*DATA SEGMENT:*
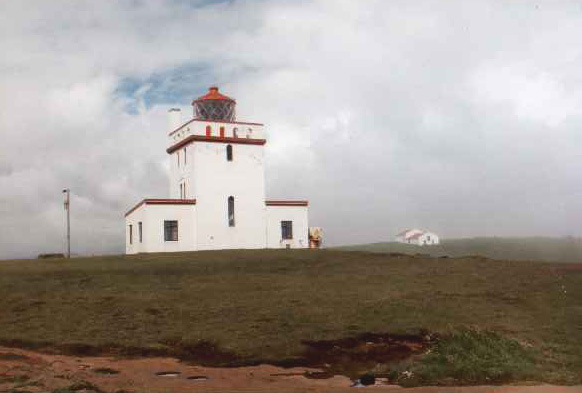 Leuchtturm auf der Klippe Dyrh&oacute;laey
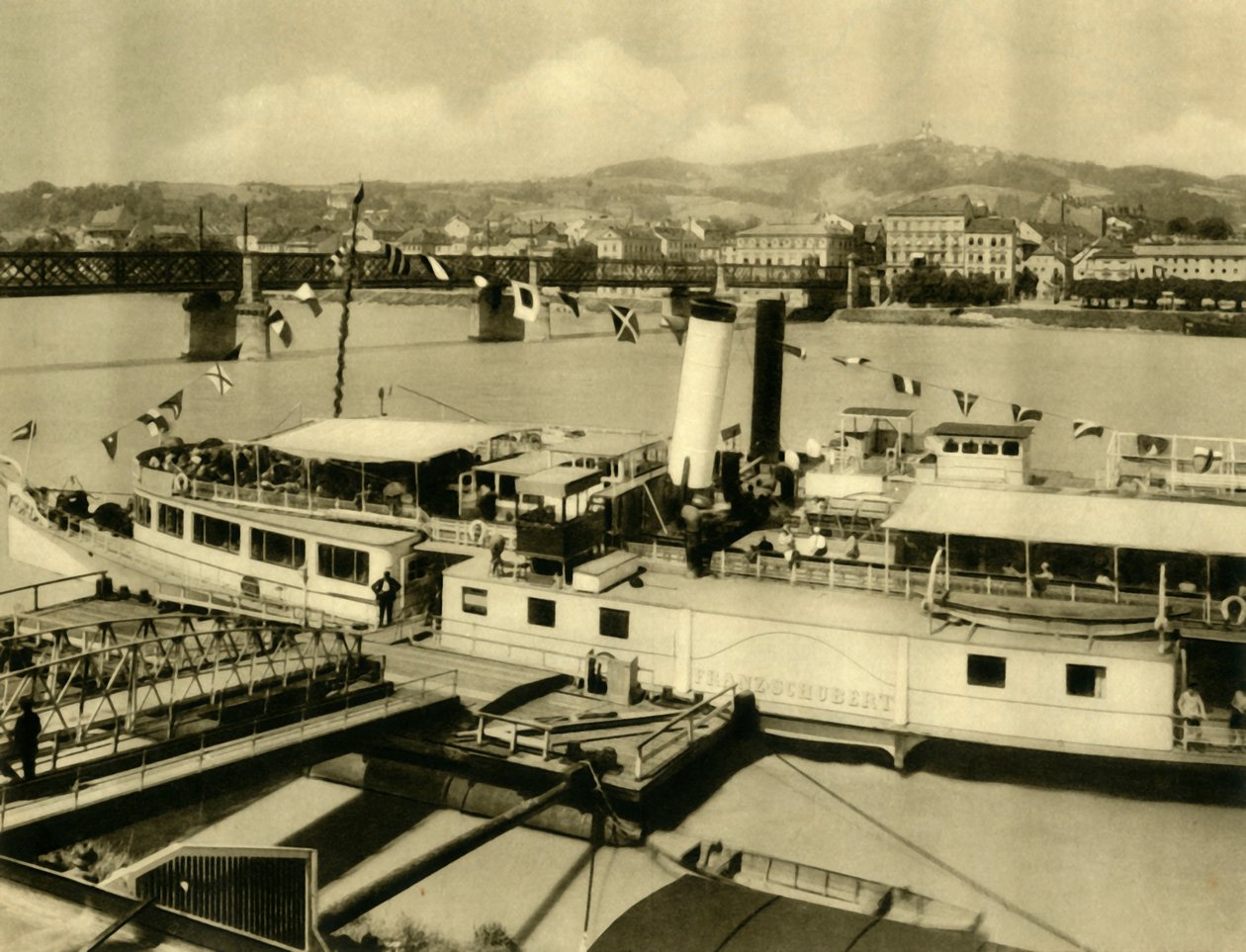 El vapor Franz Schubert en el río Danubio, Linz, Alta Austria, c1935 de Unbekannt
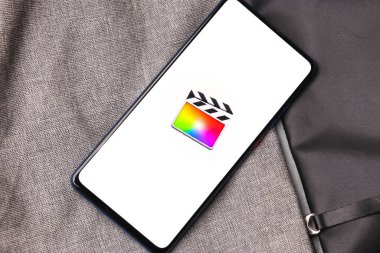 Assam, Hindistan - 15 Ocak 2020: Telefon ekranı görüntüsünde Son Kesim Pro logosu.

*EXERCISE REQUIREMENTS:* Only the pictures are to be left out; repeat all other material exactly.

*SOLUTION TO THIS EXERCISE:*
 Leuchtturm auf der Klippe Dyrh&oacute;laey
 El vapor Franz Schubert en el río Danubio, Linz, Alta Austria, c1935 de Unbekannt
 Assam, Hindistan - 15 Ocak 2020: Telefon ekranı görüntüsünde Son Kesim Pro logosu.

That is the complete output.